In many ways, DirectFlash Software is the next evolution of our FlashCare software that’s lived in Purity since Day 1. Our engineers have gained significant flash management expertise over the past few years. With FlashCare, we delivered global flash management, allocation, and garbage collection at our system level, though it was only able to be so granular, since it was blocked by the SSD’s FTL. Note that this flash management software has been unique to Pure – it’s what allows Pure to use consumer-grade SSDs while most of our competitors haven’t developed this software expertise and are forced to use enterprise SSDs at a higher cost (some even boasted about taking this path). Now with DirectFlash, our software has massively expanded visibility and can see down to and manage each individual flash die.
At a high level, the DirectFlash Software performs three functions:
DirectFlash: Fast, Direct, Transparent
So with that baseline understanding – we’re excited to announce the DirectFlash Module – the world’s first software-defined flash module!
In addition to being software-defined, the DirectFlash Module is 100% NVMe-connected, leveraging the massive parallelism of the NVMe protocol.
The NVMe protocol itself can implement up to 64,000 parallel queues to the flash device, each with 64,000 outstanding IOs! In our practical usage, we enable the DirectFlash Module to process 256 parallel IO commands. The architectural advantage here is that the parallelism enables each core of each processor in our controllers to have a dedicated queue for each DirectFlash module. For comparison, in our traditional SSD-based flash modules we enable a queue depth of 8, so DirectFlash Modules provides a 32X improvement in parallelism. Beyond parallelism, IO to the DFM is deterministic – it’s bit addressable and there’s consistent access time to each flash block – eliminating the flash latency guessing game.

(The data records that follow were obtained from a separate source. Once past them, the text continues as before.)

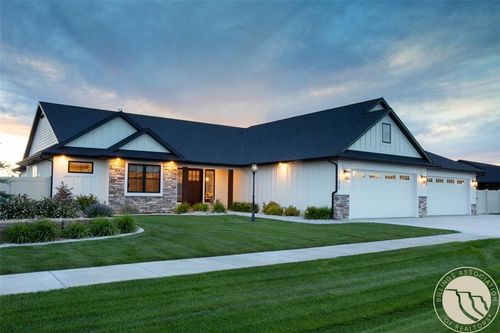 310 Moonstone Ln, Billings, MT, 59106-2858 | Card Image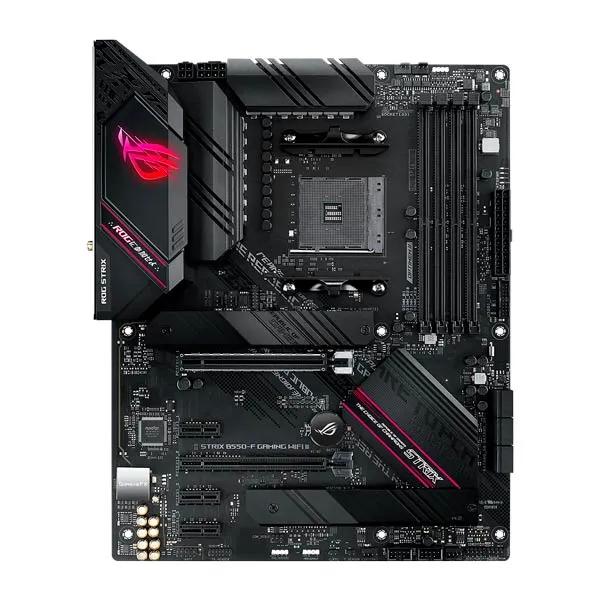 ASUS ROG Strix B550-F Gaming WiFi II Motherboard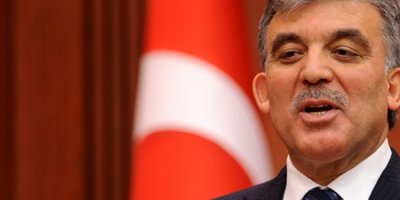 Gül: Sivilleri hedef alan saldırıyı şiddetle lanetliyorum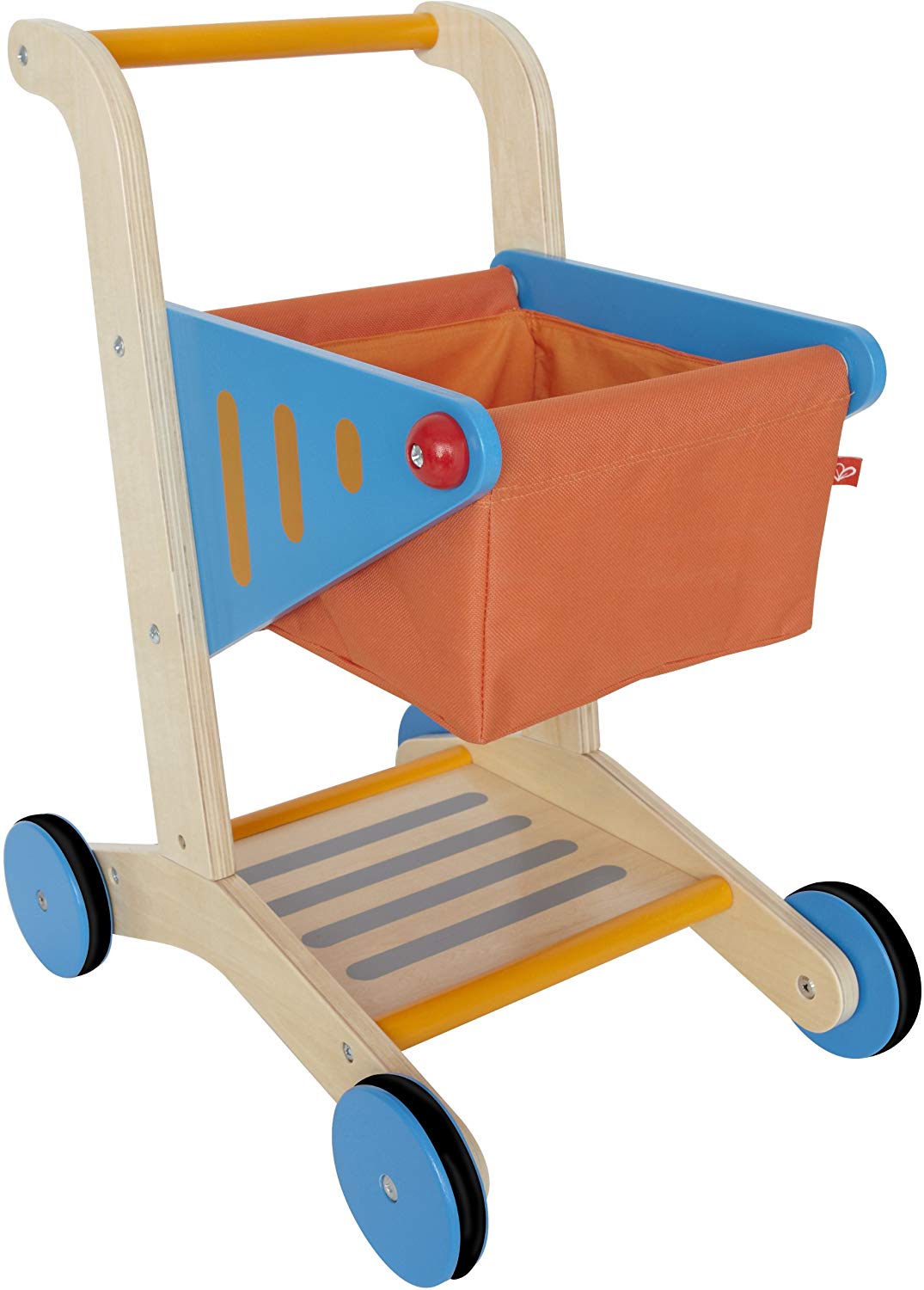 Hape Shopping Trolley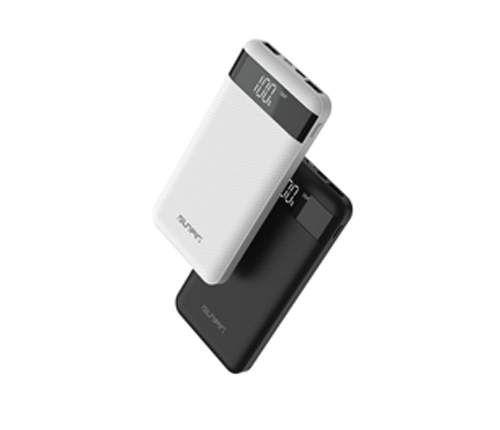 Sunpin power bank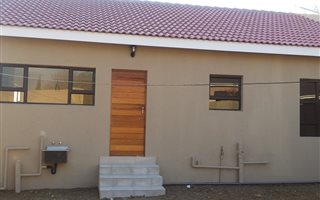 1 Bedroom House in Evander
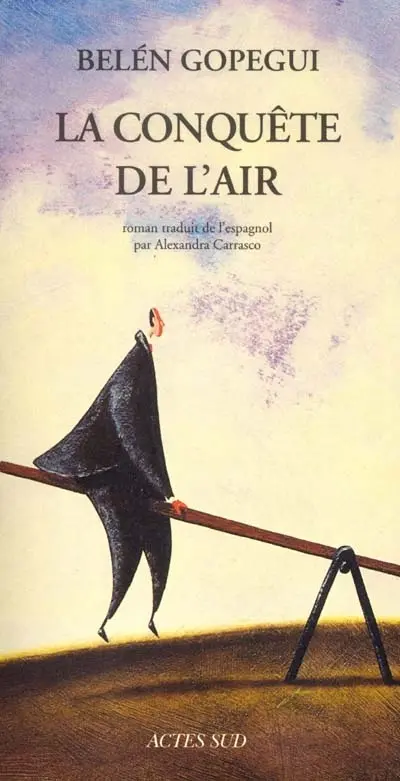 La conquête de l'air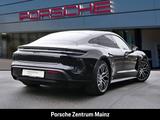 Porsche Taycan FACELIFT Pano, Perf+Batterie - Porsche Taycan mit Facelift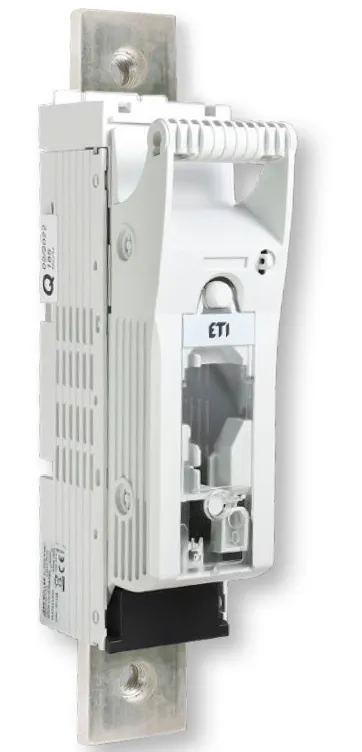 Fuse switch disconnector KVL00 Telecom 1p M12 001690905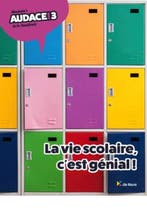 Audace 3 - set modules, incl. Boussole D&A 9789048641109, Verzenden, Gerty De Buck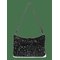 DAY ET Day Sequin Shoulder - BLACK - One Size – kuva 1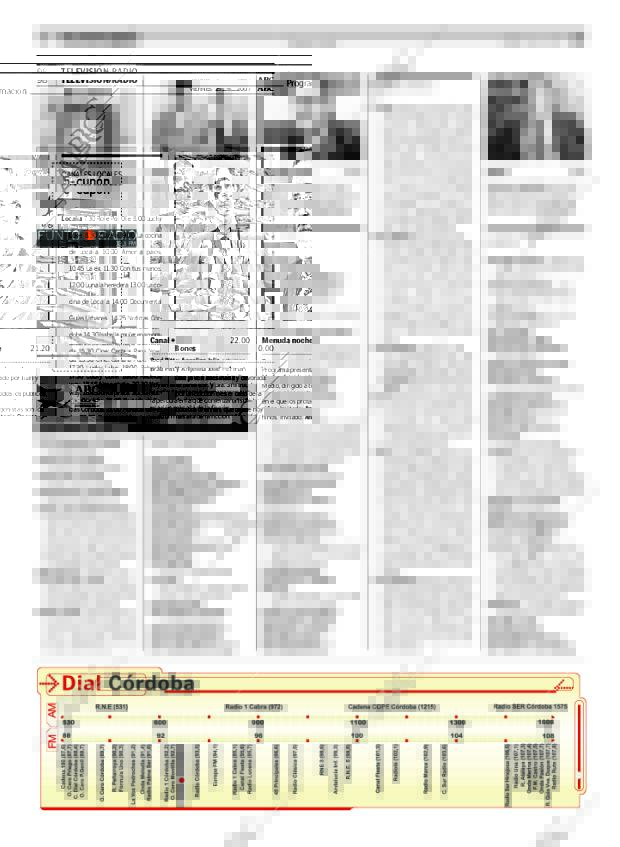 ABC CORDOBA 25-05-2007 página 110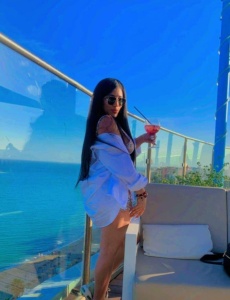 ️‍6 chicas latinas ️‍
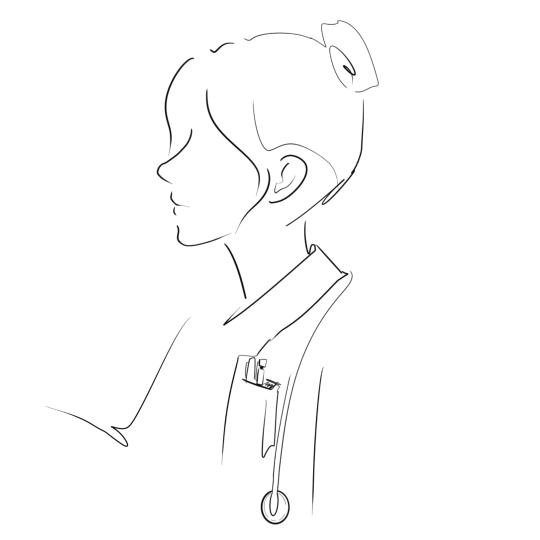 白衣天使👼🏻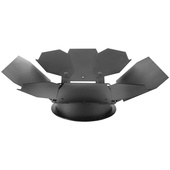 CHAUVET Barndoor for Ovation F-165WW Fresnel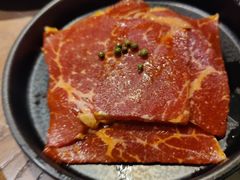 -九田家黑牛烤肉料理(顺义区华联金街店)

Furthermore, the DFM is 100% provisioned, meaning that Purity and the DirectFlash Software can “see” 100% of the flash in the system. A traditional consumer SSD has ~8% over-provisioning, and performance enterprise SAS and NVMe SSDs can have up to 50% over-provisioning, or flash that’s simply hidden from the system. By combining this 100% provisioning with the DirectFlash Software’s more efficient global flash management, DFM delivers between 14-36% more effective capacity from the same raw flash:
Here’s an example of what happens when you plug various SSDs and Flash Modules into a FlashArray. It turns out, both the 9.1 TB DFM and Pure’s 7.6 TB SAS Flash Module BOTH contain 9.1 TBs of raw flash – the 7.6TB SSD FM just hides it from the system because of over-provisioning. The 7.6TB SSD FM contains consumer-grade SSDs, but a similar enterprise-grade SSD hides even more flash for over-provisioning and only returns 6.4TBs to the system. The orange bars above represent the usable flash for data once Purity implements its own RAID-HA, HA, metadata, and other overheads. Net net: DirectFlash returns dramatically more flash to the user, which is just one of the ways we drive down the cost of all-NVMe storage to a mainstream price point.
DirectFlash – Only from Pure Storage
DirectFlash just makes sense. Think about it — AFAs have largely used a consumer form factor to address an enterprise-scale problem. How long was that going to make sense? Prior to NVMe, AFAs used the only feasible and cost-effective form factor (SSDs) with excellent results, but it was an architecture designed for consumer products, like personal laptops, where it made sense to manage small scale flash locally. The future will demand far more, and NVMe enables a new flash array architecture at the scale necessary for the cloud era.
So there you have it – a radical new approach to co-designing hardware and software yields higher performance, higher performance density, better efficiency, and is key to driving-down the cost of NVMe flash to make it mainstream. Available in FlashBlade, and now available in FlashArray//X.
Oh – and did I mention it has a beautiful orange heatsink?